The development of millimeter wave technologies has improved the functionality of wireless networks. It is now possible to meet the requirements for millimeter wave communication systems, such as high data rate, security, mobility, and spectral efficiency. In addition to increased system performance, success can be attributed to diversity approaches, wavelet transforms, coding algorithms, and other developing technologies. Future generations are considering wavelets because of their flexibility, which increases spectral efficiency. As the number of users for wireless communication quickly grows, many antennas are becoming utilized at the transmitter and receiver to maximize efficiency. MIMO antenna diversity is therefore essential for millimeter wave communication systems to boost capacity and minimize signal loss.

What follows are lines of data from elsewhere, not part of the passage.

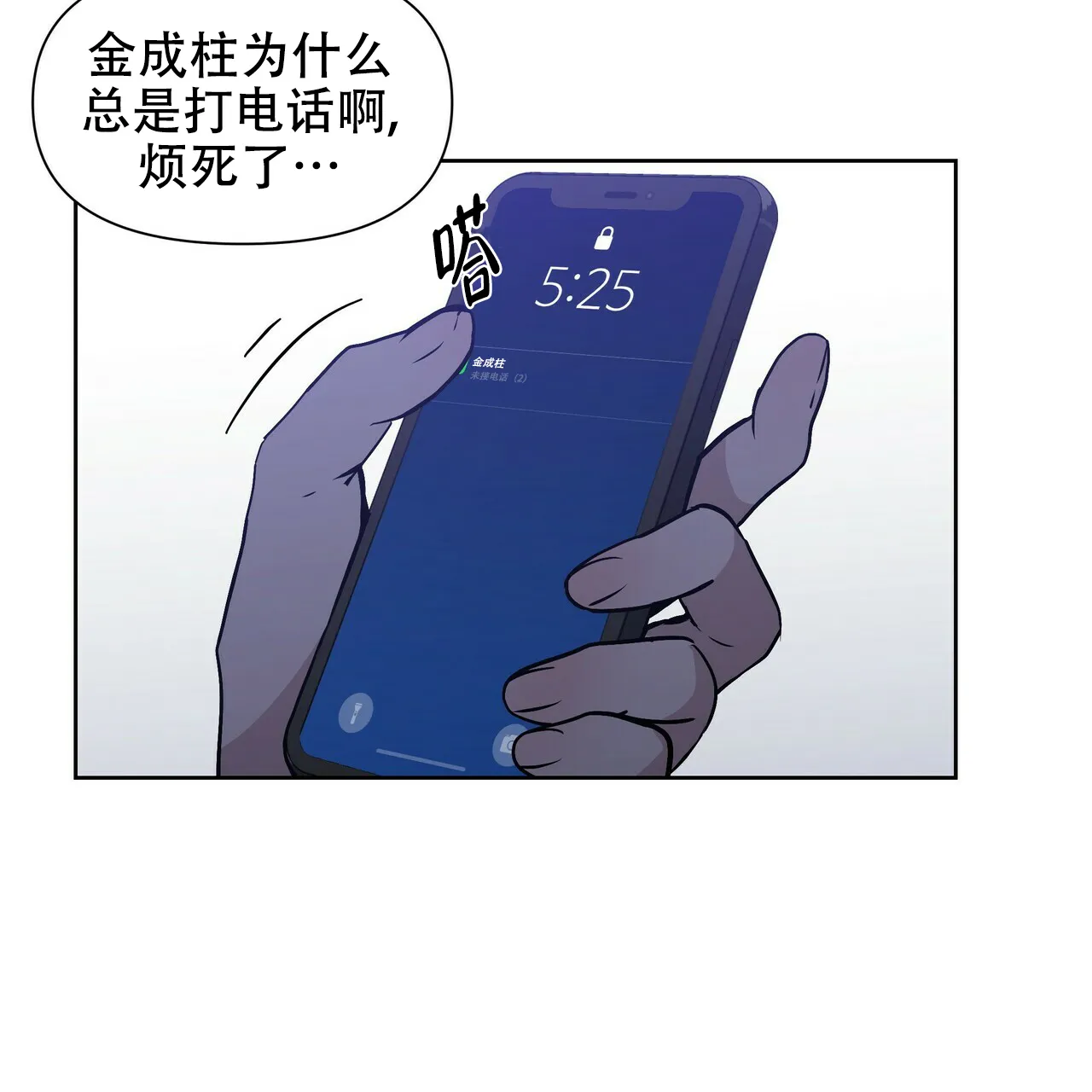 《症状》第17话 第28页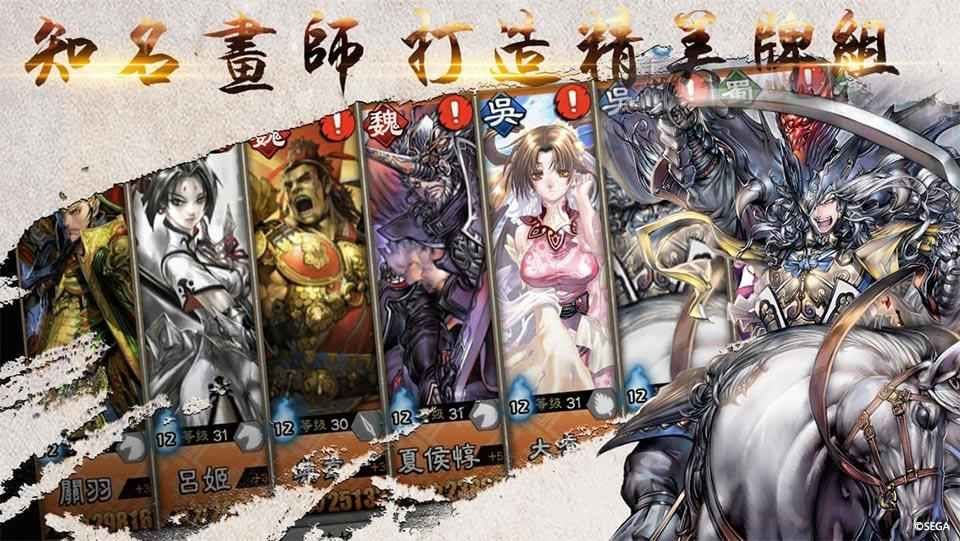 三国志大战2018BT变态手游公益服地址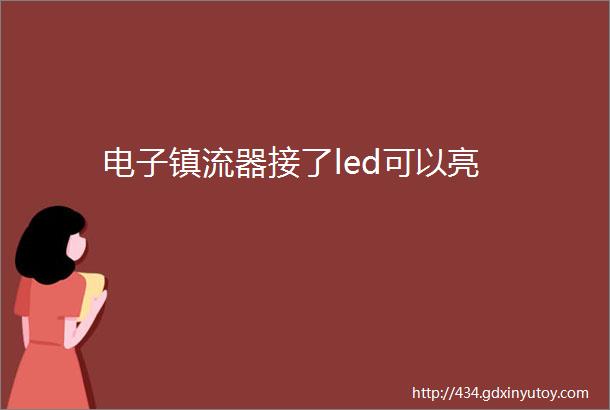 电子镇流器接了led可以亮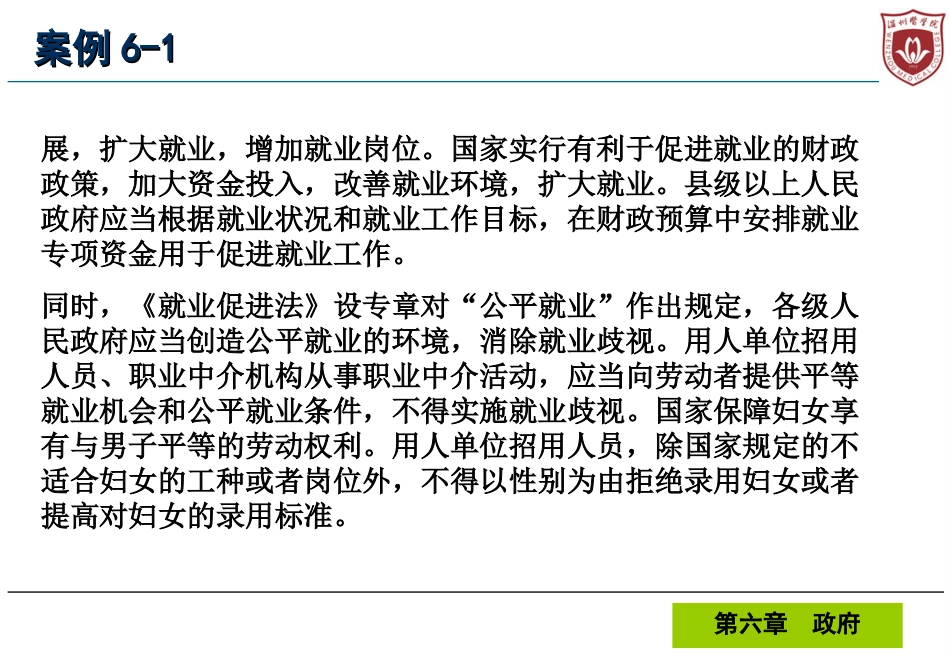 劳动关系学第六章_第3页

The MIMO diversity technique was shown to outperform other diversity techniques when they were compared in for millimeter wave communication networks. Since millimeter wave wavelengths are short, numerous antenna arrays that operate at high frequencies have been used for short-range propagation systems.
An overview of the literature is presented in Section 2, followed by a detailed description of the methodology and the system model of the technique in Section 3. In Section 4, we discuss and compare the results obtained using the technique.

2. Literature Review

The fifth generation (5G) of wireless communication systems will primarily use millimeter wave (mm wave) technology due to the band’s potential for high data rates, mobility, and low energy consumption [1]. One of the key criteria for future wireless communication networks is an increase in spectral efficiency. The signal loss caused by channel propagation at the receiver is one of the current main research issues. When a system employs millimeter waves, the received signal becomes more sensitive since the frequency ranges from 3 GHz to 300 GHz. Discrete wavelet transforms are employed in orthogonal frequency division multiplexing (OFDM) systems to increase spectral efficiency (DWT). Therefore, wavelet transforms can be used to design antenna diversity techniques to enhance system performance and spectrum efficiency [2].
Different modulation methods enhance the performance of MIMO wireless channels. In MISO channels, transmit diversity is achieved using a sophisticated algorithm, whereas SIMO channels use receiver diversity schemes such as MRC and selection diversity [3,4,5,6]. However, because it necessitates inserting a cyclic prefix at the transmitter and removing it at the receiver, conventional OFDM employing fast Fourier transform (FFT) still has the disadvantage of lowering spectral efficiency. As it does not require the use of a cyclic prefix, discrete wavelet transformations (DWTs) are employed as a substitute for FFTs to boost spectrum efficiency. One of the limitations of wireless signal transmission can be multipath fading, the result of which is that the signal at the receiver could be distorted and loud. Therefore, antenna diversity, or having several inputs and outputs, can enhance a receiver’s BER performance. To increase spectral efficiency and decrease BER, MIMO diversity with wavelet transform must be applied in millimeter wave communication systems.
The primary method for raising spectral efficiency and enhancing system performance in mobile communication is the use of smart antenna systems. In order to create required radiation patterns, smart antennas often consist of a number of radiating elements (i.e., array antennas) whose individual excitation can be controlled by a DSP (digital signal processor) [7]. In 5G wireless communication networks, antenna arrays are now a part of the default configuration. Since an antenna array contains several elements, it can be used as an MIMO system in wireless communications systems. By examining the redundancy across the several broadcast and receive channels, antenna arrays can be used to improve the performance of systems in terms of BER. They also enable a system’s spatial data to be reused in order to increase coverage.
The unlicensed spectrum at 60 GHz supports high rates, and many researchers are using the 60 GHz frequency because it also provides license free communication and improve efficiency [8,9,10,11,12]. Hence, for our investigation, the signal was deployed at 60 GHz and a two-element uniform array antenna array with half-length spacing was used to provide the MIMO diversity technique. The performance of OFDM with wavelet transform is better than that of the fast Fourier transform because it does not require the insertion of a cyclic prefix [13,14,15,16,17,18,19]. Studies of MIMO diversity with wavelet transform have shown that it can improve the performance in terms of BER compared with SISO channel diversity, and it has been suggested to be able to meet the demands of wireless networks [20,21,22,23]. Therefore, an MIMO diversity technique with OFDM can be used to improve the performance in terms of BER [24,25].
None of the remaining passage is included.